* EXERCISE REQUIREMENTS: From the line with "Western blot testing" to the final line of the data below, please write out every line exactly, with no pictures.

* EXTRACTED INFORMATION:
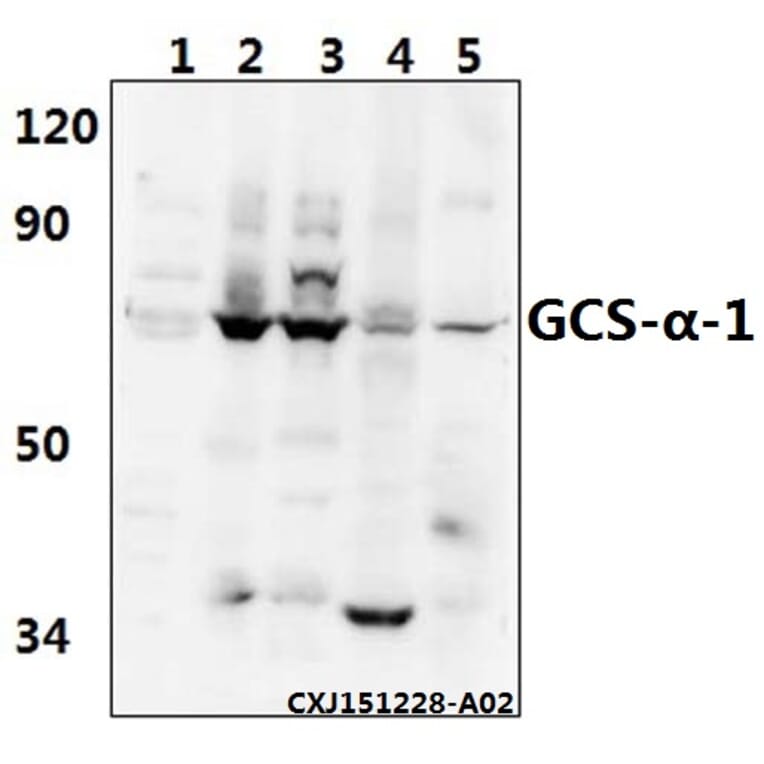 Anti-GCS-α-1 (D423) Antibody from Bioworld Technology (BS3670) - Antibodies.com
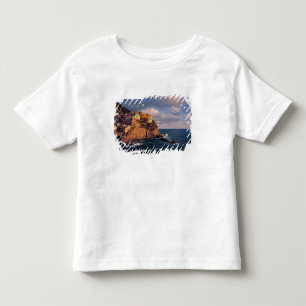 Europa, Italië, Manarola. De klifgeneste Kinder Shirts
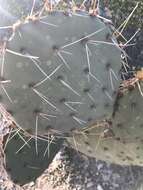 Image of Opuntia chlorotic ringspot virus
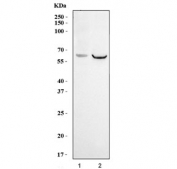 Western blot testing of human 1) MCF7 and 2) Raji cell lysate with NOX2/gp91phox antibody. Predicted molecular weight ~65 kDa, can be observed at ~85 kDa.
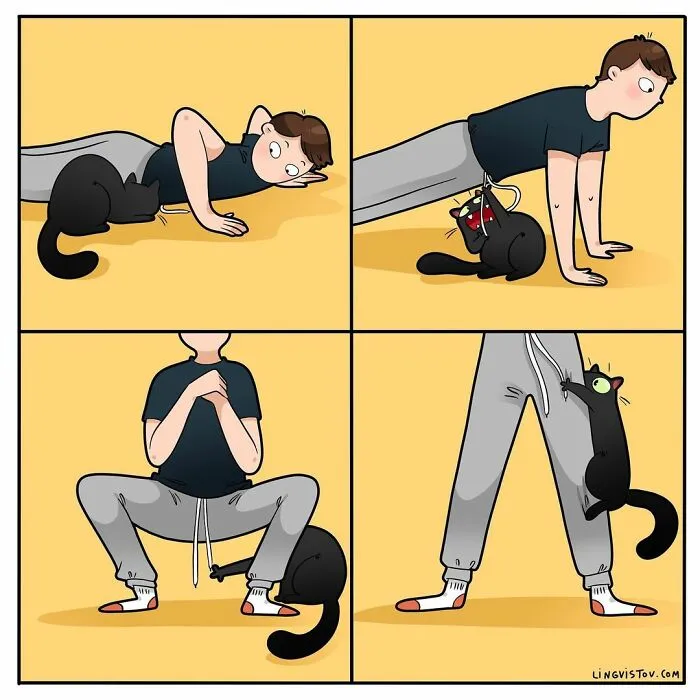 Esta artista ilustra cómo es vivir con un gato (25 nuevas imágenes)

* OUTPUT FOR THIS TASK:
 Western blot testing of human 1) MCF7 and 2) Raji cell lysate with NOX2/gp91phox antibody. Predicted molecular weight ~65 kDa, can be observed at ~85 kDa.
 Esta artista ilustra cómo es vivir con un gato (25 nuevas imágenes)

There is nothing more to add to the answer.